Despite this, the markets still seem to be optimistic about the impact of the fork on the price of ETH.
There are currently more than 16.1 million ETH locked in staking on Beacon Chain, representing more than 13% of all existing ETH. They will certainly not all be put on the market when they are unlocked, but even if only half are put on the market, the impact on prices could be significant.
16.1 million ETH at today’s prices corresponds to more than $26 billion, and given that in the past 24 hours the total volume of ETH trades on exchanges has been just over $9 billion, just half of those 16.1 million ETH could disrupt the market if they were to be placed on the market suddenly.
It is worth mentioning though, that hardly anyone who was at a loss right now might want to withdraw the staked ETH and sell them immediately.
ETH in staking
There were four particular times when more ETH were staked
The first was between January and February 2021, when nearly 3 million ETH were staked.
At that time, the price of ETH was in line with what it is now, or slightly lower, so it is hard to imagine that many of those 3 million ETH could be withdrawn and sold now, given that staking generates returns.
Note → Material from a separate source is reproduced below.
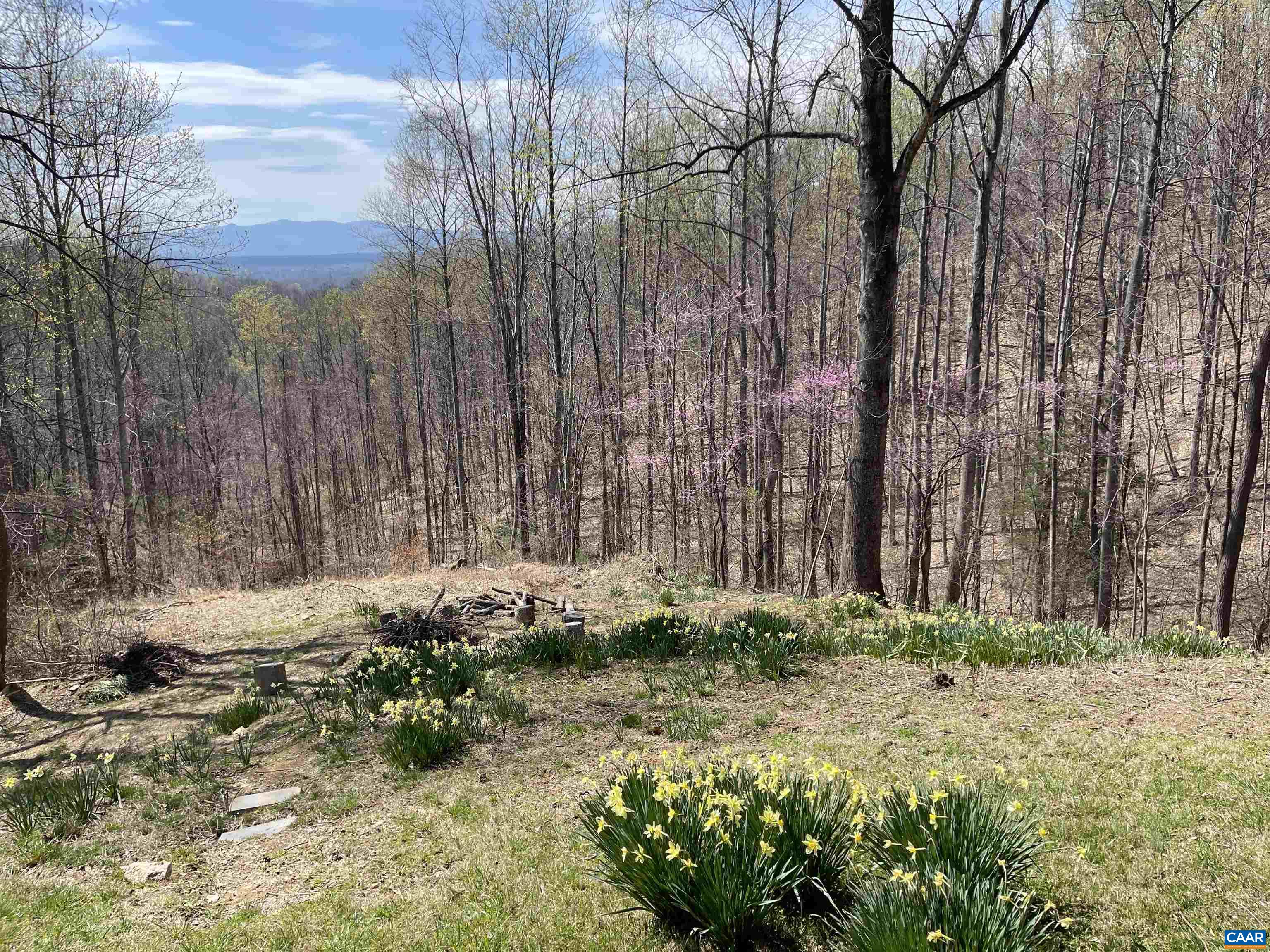 899 Wares Gap Road Amherst, VA 24521 - Photo 4 of 45 View to Allegheny Mts.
It is plausible to imagine that those who were to do so would be earning very little, even though there are 2.2 million ETH that were staked before the ETH price reached $1,600.
The second moment was between April and July 2021, when another 2.7 million ETH were added on Beacon Chain. At that time, ETH prices were significantly higher than they are today, so it is safe to assume that those who would withdraw those ETH to sell them would do so at a loss.
The third moment occurred between March and June 2022, even though another 3.1 million were still staked between August 2021 and February 2022, although at a much slower rate.
In those four months of 2022, 3.3 million ETH were added on Beacon Chain when the price was substantially higher than it is now. But beginning in early June it dropped all the way below $900, so a small portion of those 3.3 million ETH were staked at a time when their market value was well below today’s.
The latest phase of large addition of ETH in staking is still ongoing, and began in September 2022. That is 3.4 million ETH put into staking when their market price was well below the current market price.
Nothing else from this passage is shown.